Before Lady Gaga was even a sequined twinkle in Cynthia Germanotta's eye, two queens recorded the out and proud gay anthem, "I Was Born This Way."
The song was written in 1971 by the wonderfully named Bunny Jones, a straight, black, Christian wife and mother. Jones started the record label Gaiee to give "gay people a label they can call home," as she explained to The Advocate in 1975, the year the first recorded version, by Valentino, became a minor hit.
Before getting into the music business, Jones owned several salons, and because stereotypes are true for a reason, most of her employees were gay. Through her friendship with these gays, Jones learned of the struggles they faced on a daily basis.
"I began to feel that gays are more suppressed than blacks, Chicanos, or other minorities," Jones said. "You hear of great designers or famous hairdressers, and that's about as far as society will let gays go."
So she wrote the lyrics to "I Was Born This Way," but it took a few years for her to find someone to put it to music, namely, heterosexual musician Chris Sprier. And then she had to find someone brave enough to record it.
Fresh off a revival of the musical Hair in Long Island, Charles "Valentino" Harris was just the gay for the gig. Jones sold Valentino's version of the song out of the back of her car, to the tune of 15,000 copies. This caught the attention of Motown head Berry Gordy, whose other great contribution to gay culture is, of course, Diana Ross.
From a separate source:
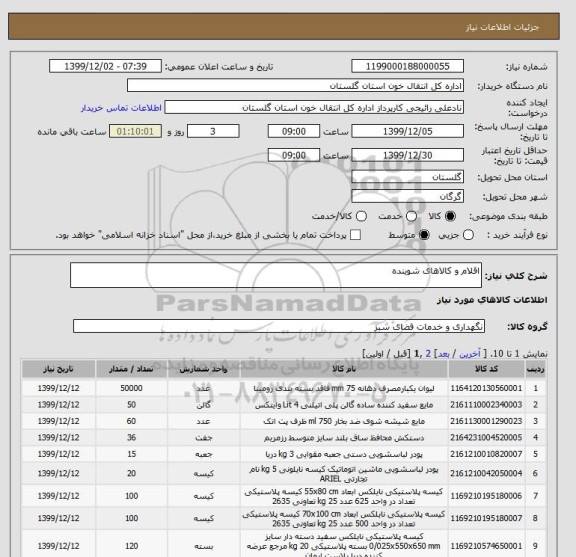 استعلام اقلام و کالاهای شوینده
With Motown's (albeit minimal) backing, Valentino's "I Was Born This Way" became a number one disco hit in the UK. Three years later, as was Motown tradition, the label recycled the song, this time with openly gay gospel singer Carl Bean.
Feeling limited by the gospel genre, Bean had left his previous label, ABC Records. However, good old Bunny Jones had fallen in love with Bean's voice on a gospel record and approached him to re-record "I Was Born This Way."
"I was hesitant to sign with another record label, but after I found out what the song was I knew I had to do it," Bean told The Advocate in 1978. "It was like providence. They came to me with a song I have been looking for my whole life."
Featuring a new, more heavily "disco" arrangement by Motown's own Norman Harris and Ron Cursey, "I Was Born This Way" became a club hit, featuring numerous requisite remixes through the years from the likes of dancefloor gods Larry Levan, Tom Moulton, and Shep Pettibone.
Bean, having once studied for the ministry, saw "I Was Born This Way" as a "sort of ministry for gay people." In 1982, he practiced what he preached, and began preaching what he practiced, when he founded the Unity Fellowship Church Movement, specifically for openly gay and lesbian African Americans.
Today, the UFCM continues to teach its "message of God's unconditional love and the principles of liberation theology to often ostracized communities." And "I Was Born This Way" continues to teach its message that disco-tinged gay liberation was the best thing to come out of the '70s.